Chapitre 18 – La dégaine des antiquaires
Octobre 1951
639 mots
Village de l’Estaque – Près de Marseille
Deux semaines s’étaient écoulées depuis l’écrasement en Icelande. Amanda et Gerflynt traversaient maintenant la place du village de L’Estaque, un petit bourg situé sur la baie de Marseille. La jeune femme portait une jupe ample au couleurs de Provence. Un chemisier de coton orné de délicates broderies italiennes reposait lâchement sur ses épaules. Ses cheveux, tirés en arrière, étaient retenus par un foulard coloré.
Mais Gerflynt marchait lentement. Converti en champ d’ecchymoses, son corps et son visage lui donnaient l’air d’une gamine qui vient de tomber de son vélo. Amanda n’allait guère mieux.
Le verrouillage du train d’atterrissage avait échoué. Blessé à mort, le Constellation avait glissé sur le tarmac dans une traînée d’étoiles filantes pour finir sa course contre un muret en bout de piste. L’impact avait été violent. Gerflynt pouvait encore sentir sa tête rebondir dans tous les sens. Tout comme Amanda, son siège s’était encastré dans celui du devant pour former un étau protecteur. Tous n’avaient pas eu cette chance. Dans les vapeurs de kérosène, les deux femmes avaient réussi à se déplier pour rejoindre Enzo qui remuait les cadavres, tentant désespérément de les trouver.
L’embrasement général s’était produit alors que les trois flageolaient encore dans les nuages de mousse ignifuge. Sous la lumière des gyrophares, dans le hurlement des sirènes, on les avait trouvés sur les genoux, occupés à rendre leurs poumons, tel des anges déchus, provisoirement soustraits au jugement divin.
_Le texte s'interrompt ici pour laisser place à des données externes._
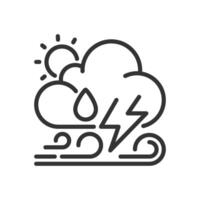 Weather forecast linear icon. Various weather patterns. Changing atmospheric conditions. Meteorology. Thin line illustration. Contour symbol. outline drawing. Editable stroke vector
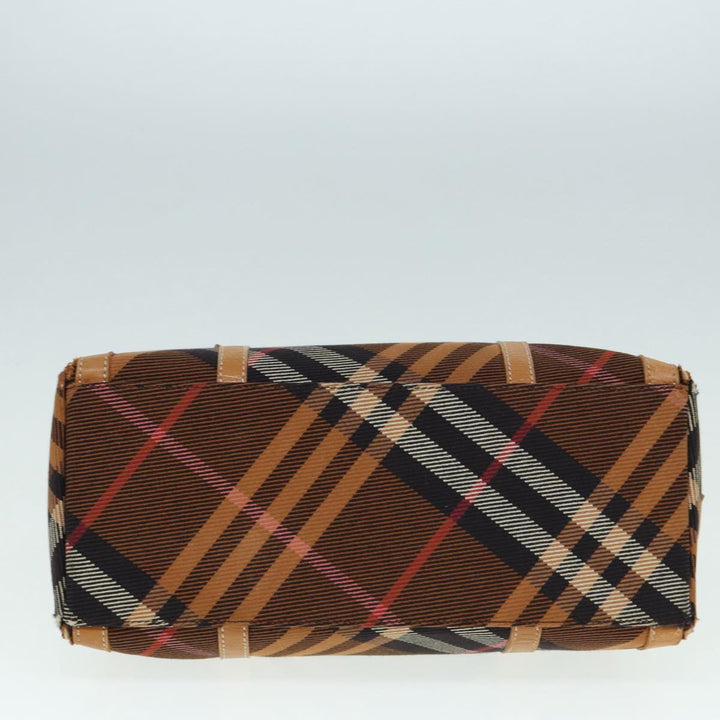 Burberry Nova Check Blue Label Hand Bag Canvas Brown Gold Auth ti2058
Une semaine de repos, un vol pour Paris, puis le train jusqu’à Marseille. Ils avaient ainsi retraversé le mur d’une réalité plus petite, plus concrète, celle qui se vit un moment à la fois, celle du pain et du vin, de l’eau et de la vie.
En ce début du mois d’octobre, les touristes avaient quitté le petit village de pêcheurs. Le bistro était enfin redonné aux habitués. Sous le soleil du midi, l’établissement pouvait encore ouvrir son grand mur fenestré.
Campés à l’ombre des platanes, des vieux se prélassaient, un pastis à la main, alors que d’autres jouaient au traditionnel jeu de boule. « Ah ! Mais, que voilà les survivantes de l’écrasement » commenta l’un d’eux. Gerflynt acquiesça. Elle avait étudié le français à Wellington, mais il lui restait à se faire l’oreille à l’accent du sud. « Hey ! Amanda ! Pourquoi tu ne viens pas nous la présenter cette pauvre petite Américaine ! » enchaîna l’autre qui venait d’apercevoir l’énorme boursouflure bleutée sur le front de la jeune femme.
— Y’a pas le temps ! Nous recevons ce soir, » répondit l’Italienne.
Le soleil d’automne était encore chaud, l’air plutôt frais, tout ici invitait à la flânerie. Les deux femmes gravirent les marches d’une enfilade, leur sac de provisions à l’épaule. Gerflynt s’amusa de voir un chat se prélasser sur le bord d’une fenêtre. Ici pas de goudron, pas de circulation dense, à peine y avait-il le ronronnement d’une Deux-Chevaux de temps en temps. La résidence Falsetti était une de ces maisons bourgeoises du dix-neuvième siècle dotée d’une façade en pignon, Gerflynt entra avec Amanda. Elle tira de son sac le thym, le romarin et les saucissons. La maison irradiait une douce chaleur. Un feu couvait dans l’âtre. Dans cette douceur méditerranéenne, à cet instant, la jeune femme qui avait grandi pieds nus dans l’enfer du Lower East End se sentit pour une rare fois heureuse de vivre.
Amanda accrocha son châle et s’occupa de raviver les braises. Quelques plaisanteries furent échangées sur le vieux Médé. On ne l’avait jamais vu toiser une jeune femme de la sorte. Les femmes entreprirent le repas de la soirée. « Monsieur Gauvin a insisté pour venir seul, ce n’est pas bon signe, est-ce que tu le sais ?
— Que veux-tu dire ?
— Les antiquaires ont des doutes à ton sujet. Ton casier judiciaire, tes ennemis à New York, bref, ils n’aiment pas les délinquants, encore moins les putes converties en religieuses.